CITY HALL — Nothing occurs in a vacuum, particularly development in a dense city like Santa Monica.
Perhaps never has that been more true than with three projects, located on Colorado Avenue a quarter-mile from the proposed Bergamot Transit Village, that are all at various stages in the planning pipeline.
As those projects go through Santa Monica’s extensive public process, city planners are simultaneously conducting public meetings to gather input for a comprehensive plan meant to govern the growth and style of development in the area.
The concurrent nature of both the projects — one of which is almost through its negotiation phase with City Hall — and the plan that’s supposed to guide them led to public concern at Tuesday night’s City Council meeting, when elected officials got their first informal look at the second of three projects that will form a mixed-use arts district located amidst a dense residential neighborhood formed of apartments and the Village Trailer Park.
Plans call for the development, called the Roberts Center, to consist of four buildings totaling 250,000 square feet bounded by Colorado Avenue between Stewart and Stanford streets.
To the west is the proposed Lions Gate headquarters project, which had its development agreement conditionally approved by the Planning Commission last week.

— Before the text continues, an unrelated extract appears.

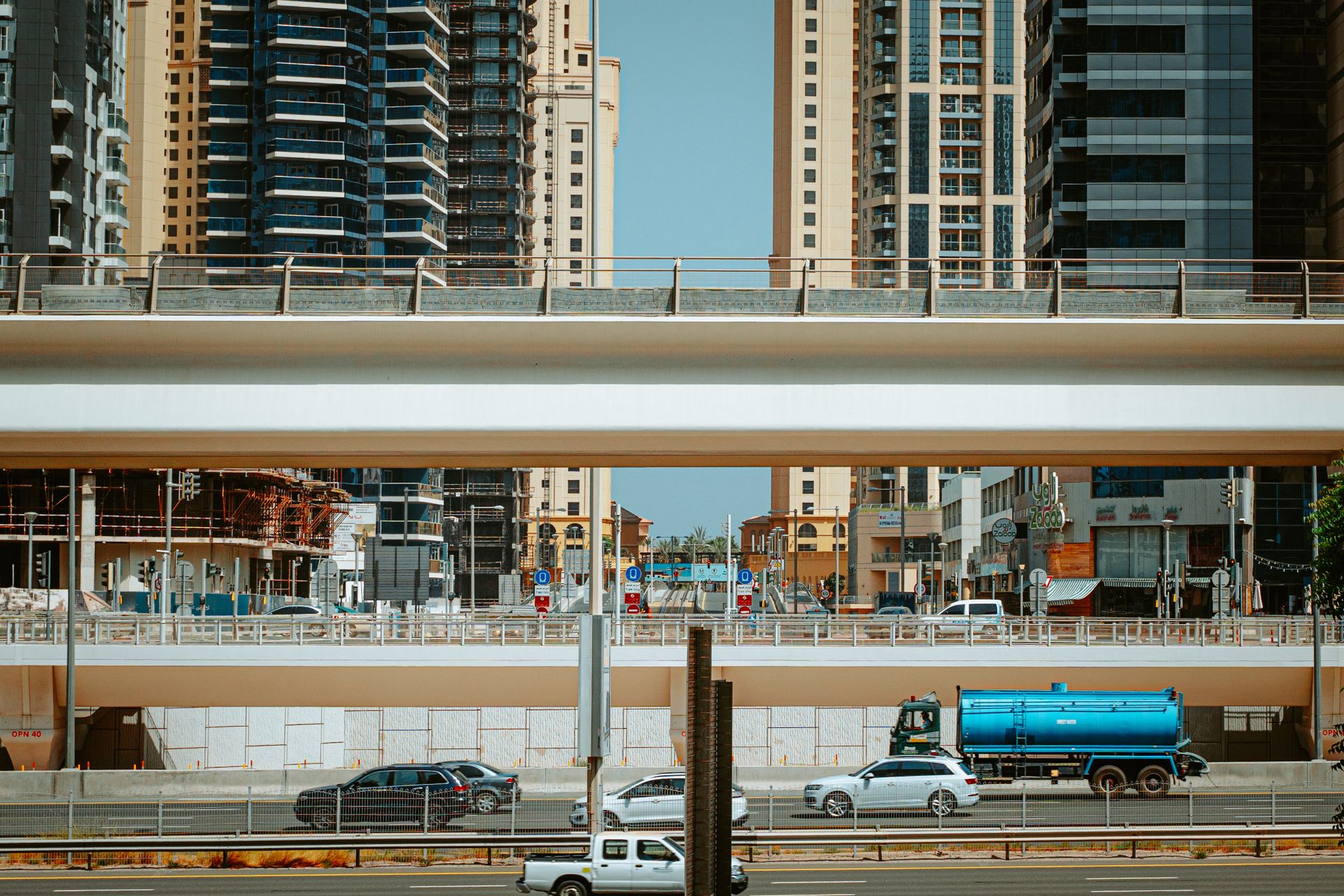 Dynamic urban scene in Dubai featuring skyscrapers and expressways.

The Village Trailer Park, the third project in the area which is still under environmental review, lies to the east.
The four Roberts Center buildings will be evenly split between housing and creative arts studios, according to Jing Yeo, a special projects manager with City Hall.
Parks and open space break up the buildings, as does an extension of Pennsylvania Avenue between Stewart and Stanford streets.
Under City Hall’s recently adopted Land Use and Circulation Element, or LUCE, the area falls into a Mixed-Use Creative Arts district, which lies within the wider umbrella of the Bergamot Area Plan.
“The vision is for mixed-use with a focus on creative arts uses … balancing housing and daily needs to serve existing and future residents,” Yeo said.
Residents and citizens that came to discuss the project, however, didn’t feel that their needs were being considered.
Speakers worried that all three projects were being considered piecemeal, and that the combined impacts of the three would be brutal to the nearby neighborhoods.
Friends of Sunset Park, a local community organization, wrote to council members urging them to consider the three projects together, and only after a master plan for the area had been completed.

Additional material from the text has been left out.